• **How to complete this task**: With the pictures left out, copy the listing below exactly.

• **Source data**:
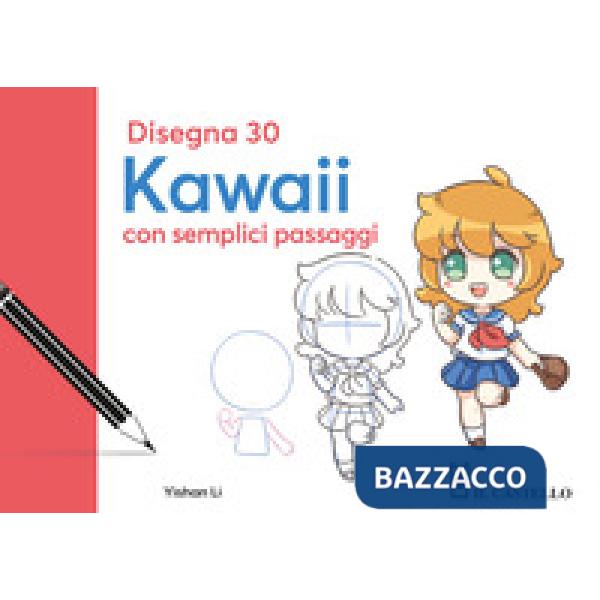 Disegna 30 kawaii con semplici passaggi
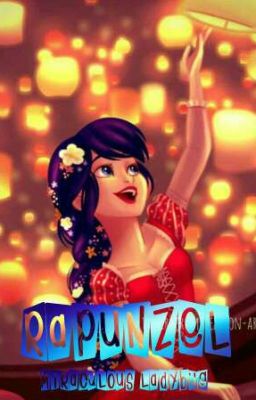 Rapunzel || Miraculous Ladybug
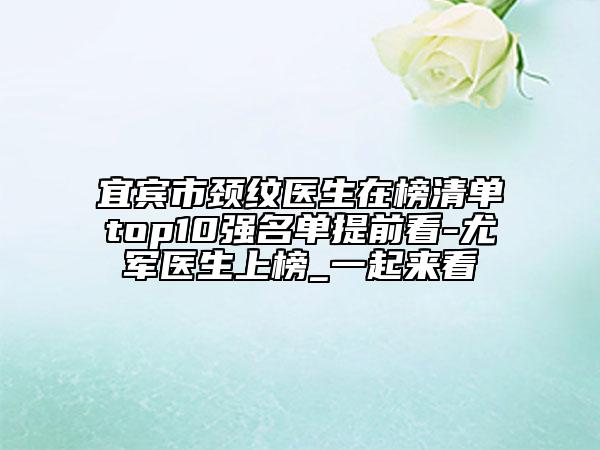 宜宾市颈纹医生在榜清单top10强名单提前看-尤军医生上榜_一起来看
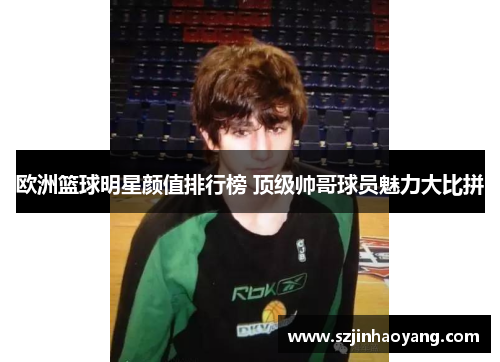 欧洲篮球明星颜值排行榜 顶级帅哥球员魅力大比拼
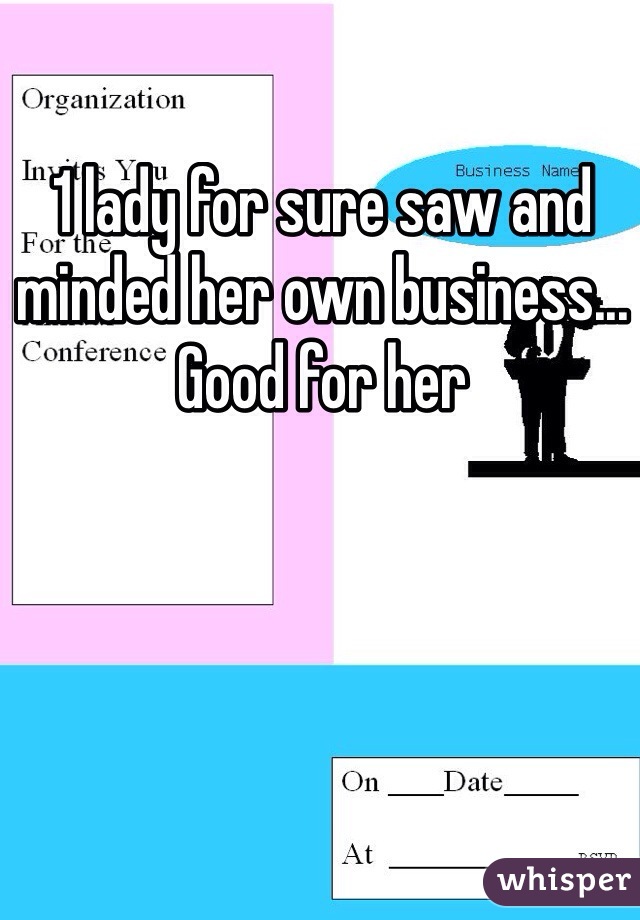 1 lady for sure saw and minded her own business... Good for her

• **Written response**:
 Disegna 30 kawaii con semplici passaggi
 Rapunzel || Miraculous Ladybug
 宜宾市颈纹医生在榜清单top10强名单提前看-尤军医生上榜_一起来看
 欧洲篮球明星颜值排行榜 顶级帅哥球员魅力大比拼
 1 lady for sure saw and minded her own business... Good for her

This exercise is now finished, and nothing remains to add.